Gaultier verwandelte sie in ein gigantisches Spektakel, bei dem er in rund 200 Looks seine berühmtesten Entwürfe der vergangenen 50 Jahre Revue passieren ließ. Seine Korsagen waren zu sehen, Mieder, Strapse und natürlich seine legendären blau-weißen Streifen. Viele seiner großen Musen liefen an dem Abend für ihn über den Catwalk – von Amanda Lear, Dita von Teese und Mylène Farmer über Estelle Lefébure bis hin zu Rossy de Palma. Ein Höhepunkt waren zwei Auftritte von Sänger Boy George, der zu Beginn das Lied „Back to Black“ von Amy Winehouse interpretierte und auch das Finale einläutete.

Und dann: Auftritt Jean Paul Gaultier. In einem blauen Arbeitsoverall rannte er zum Schluss auf den Laufsteg – um tanzend und feiernd seinen letzten Applaus entgegenzunehmen. „Bitte nicht traurig sein“, tröstete der Designer seine Fans. „Die Marke Gaultier wird es weiter geben, aber ohne mich. Ich mache etwas anderes, neue Projekte, aber auf jeden Fall etwas, das mit Mode zu tun hat, etwas anderes kann ich auch gar nicht.“

Sein Abschied vom Laufsteg ist das Ende einer Ära. Zusammen mit Karl Lagerfeld gehörte der Franzose zu den letzten großen Modeschöpfern einer längst vergangenen Zeit. Einer Zeit, in der Modedesigner Weltstars waren und es noch echte Skandale gab. Denn genau mit diesen machte sich Gaultier, der Autodidakt, einen Namen. Er gilt als unverbesserlicher Provokateur. Nicht umsonst nannte man ihn auch Enfant terrible. Regelmäßig brach er Tabus und stellte gewohnte Gender-Stereotype auf den Kopf: gestandene Männer steckte er in lange Wickelröcke und setzte ihnen Schleierhütchen auf, Frauen ließ er in maskulinen Jacketts und Büstenhaltern über den Laufsteg gehen.

Am meisten Aufsehen erregte Gaultier aber mit dem lachsfarbenen Korsett mit den kegelförmigen Brüsten, das er 1990 für Madonnas „Blond Ambition“-Tour entwarf.

Neben seinem Hang zur Provokation zeichnete den Meister des Designs noch etwas anderes, für die Branche eher Seltenes aus: Humor. „Ohne Jean Paul wird es nicht mehr so lustig sein wie vorher“, sagte Topmodel Inès de la Fressange.

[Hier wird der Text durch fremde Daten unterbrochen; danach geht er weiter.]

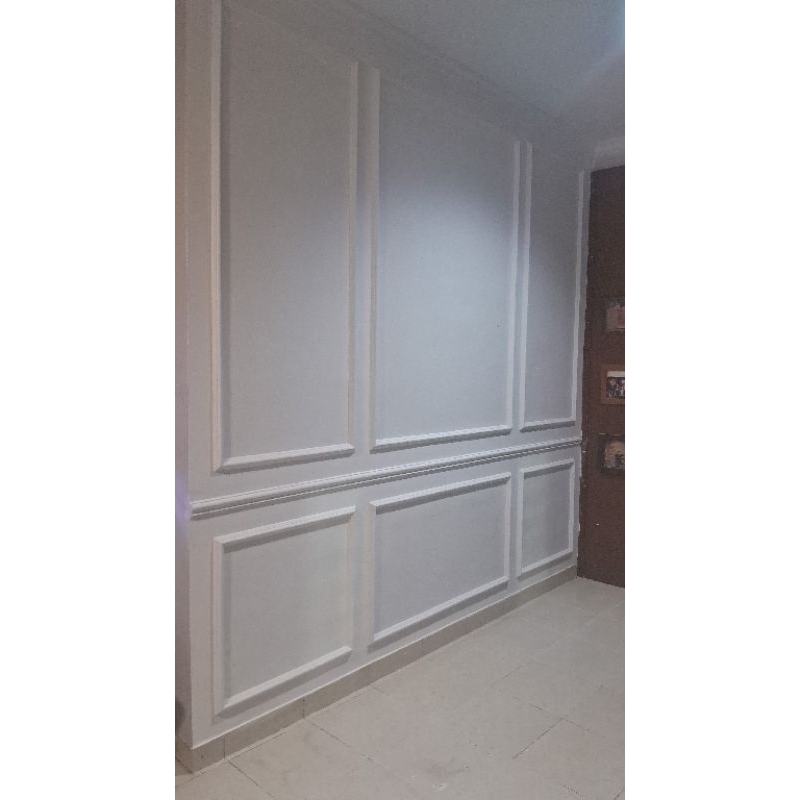wall molding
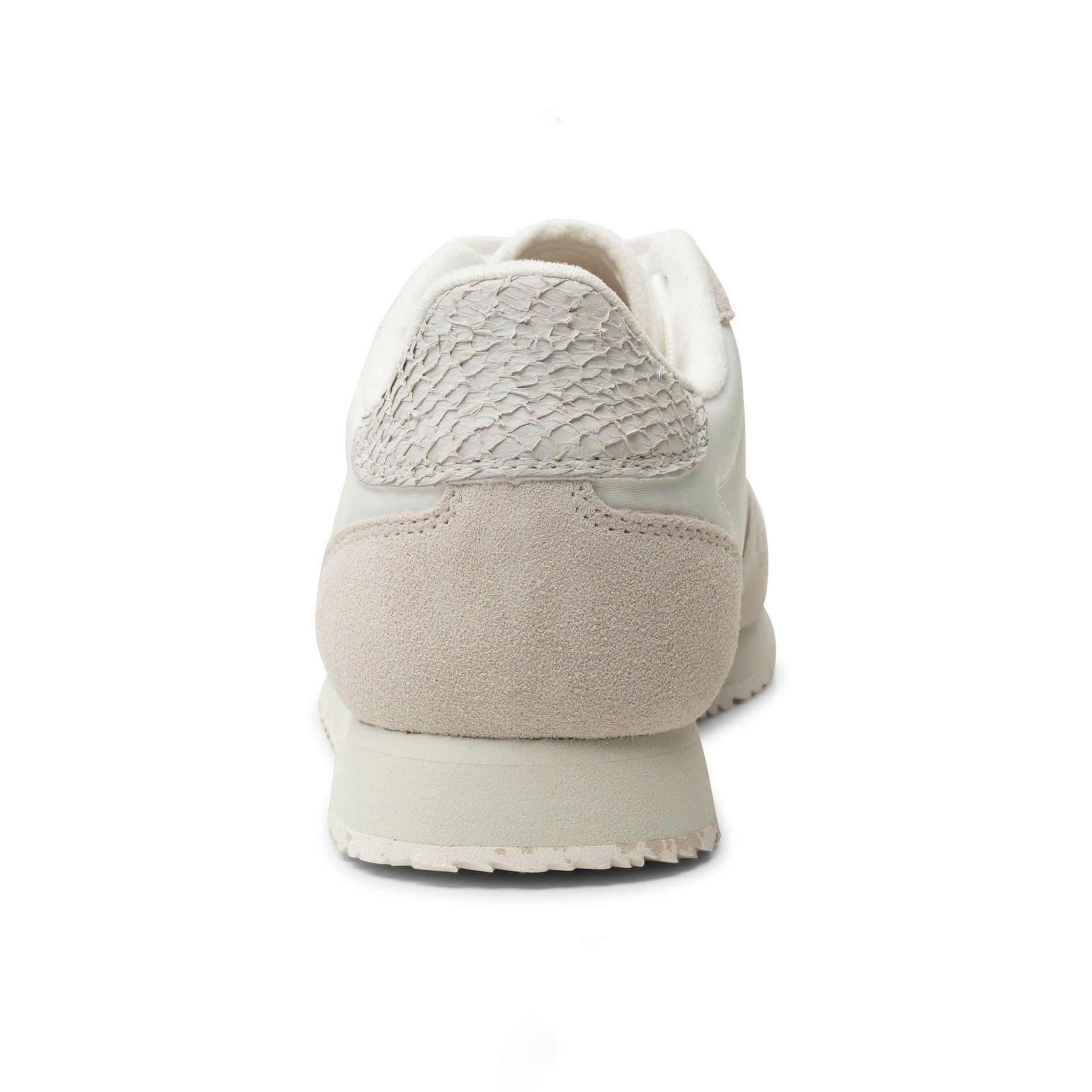 WODEN, Nora III Leather Sneakers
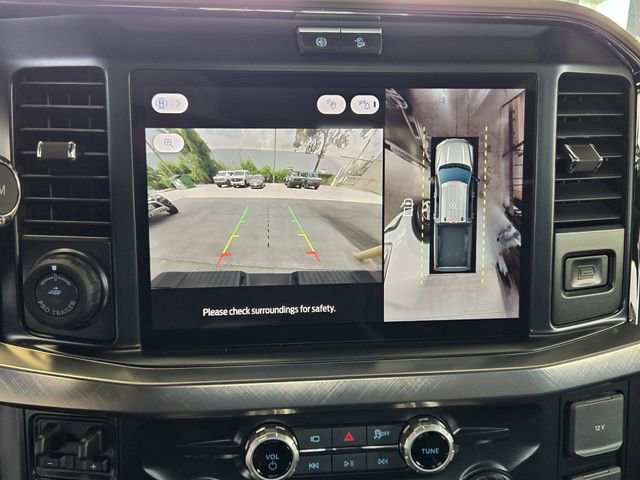 New 2025 Ford F350 King Ranch image 14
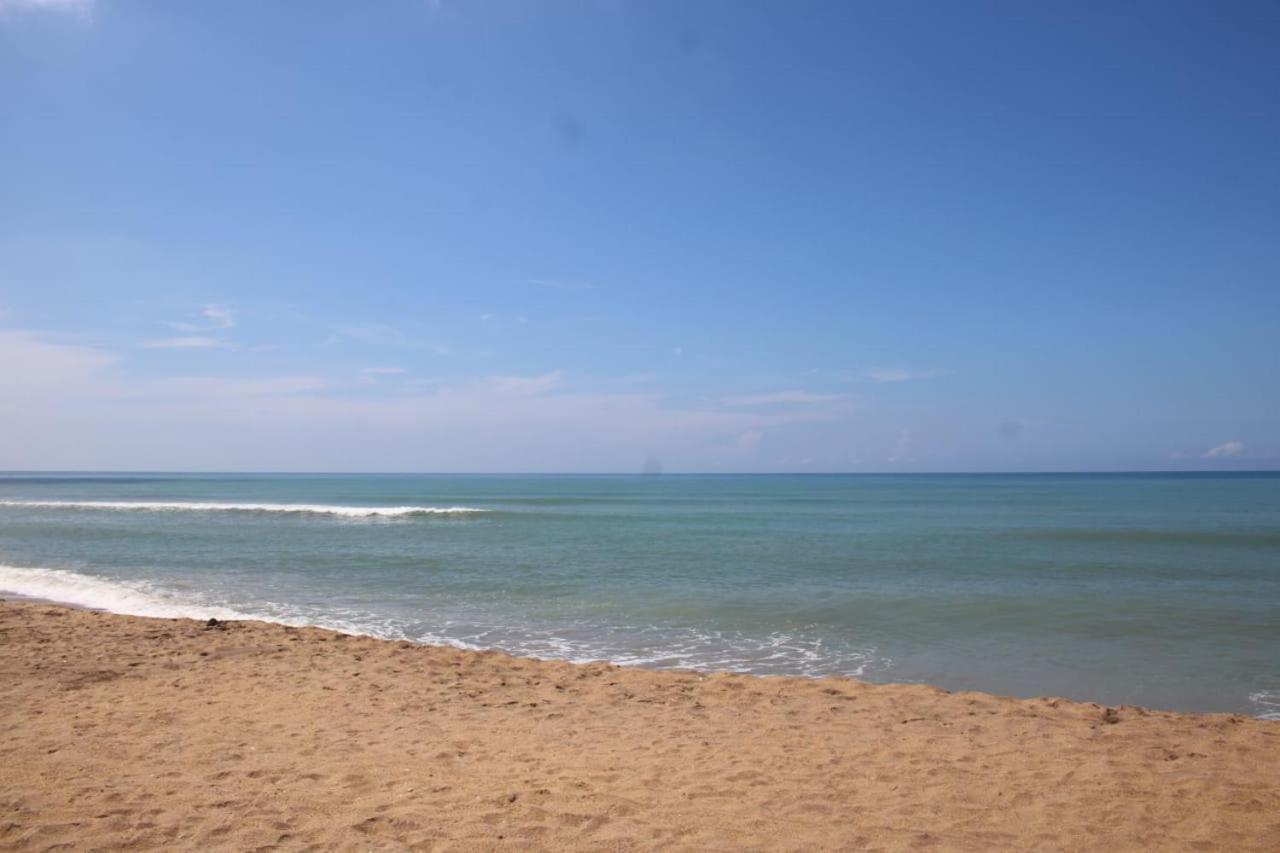 Happy Cocos Beach House 瓦斯卡杜瓦 外观 照片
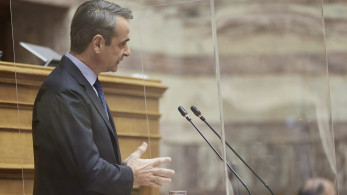 Μητσοτάκης: Μηδενική ανοχή στη σεξουαλική βία κατά των παιδιών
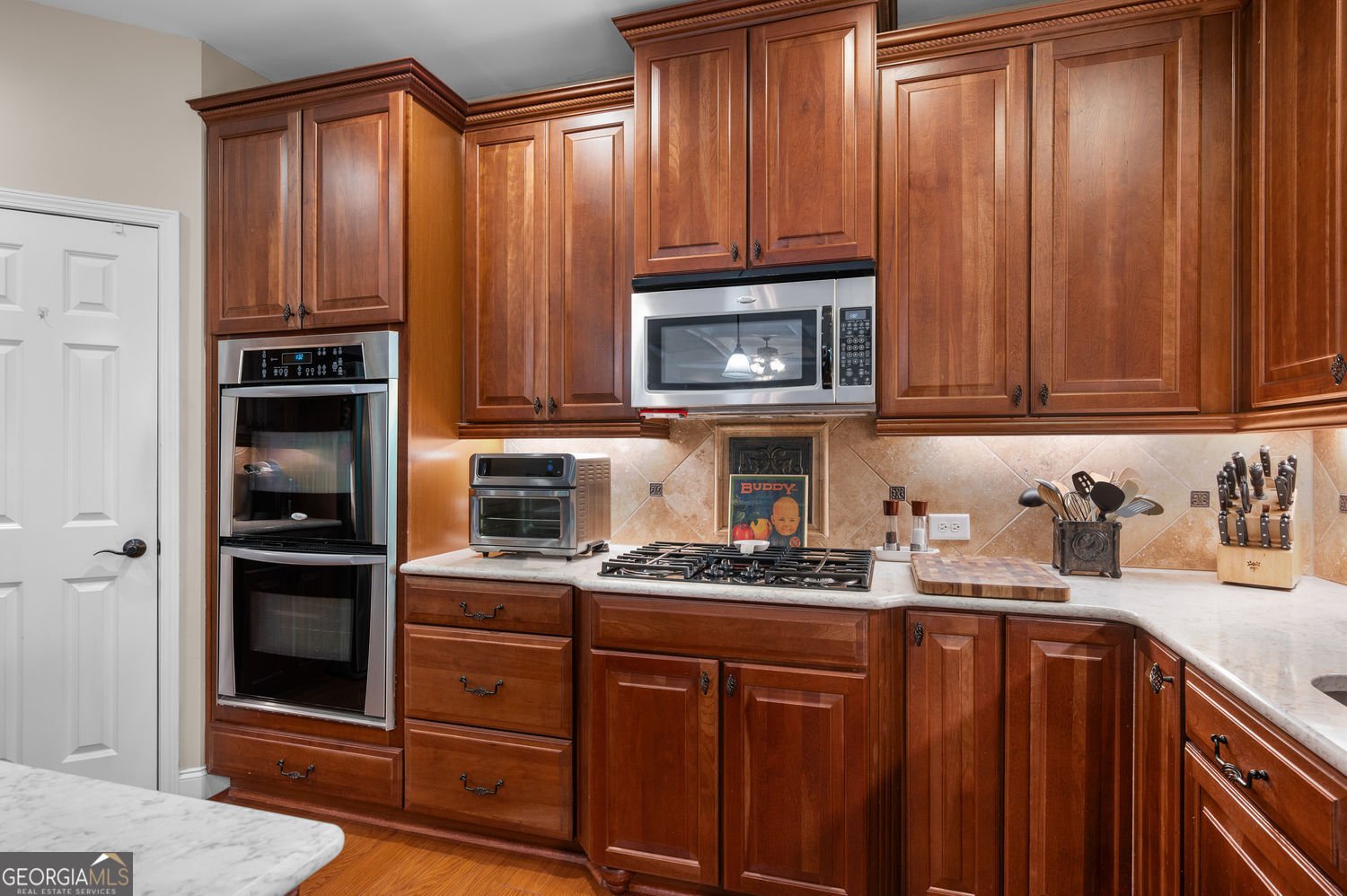 629 Wexford Court Acworth - Photo 10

Denn letztlich war es vor allem seine fröhliche Art, die ihn, zusammen mit seiner platinblonden Stoppelfrisur und dem blau-weißen Ringelpulli, zu einer der größten Mode-Ikonen unserer Zeit machte.

Wie auch immer es nun für Jean Paul Gaultier weitergeht – ein filmisches Denkmal ist ihm schon jetzt gesetzt worden. Am 19. März startet „Freak & Chic“ in den Kinos. Ein Filmporträt, für das Regisseur Yann L’Hennoret den Designer bei den Vorbereitungen für seine „Fashion Freak Show“ begleitet hat, die Ende 2018 weltweit für Furore sorgte. Noch so ein Coup des provokanten Paradiesvogels, dessen Gesang in dem Lustgarten Modewelt fehlen wird.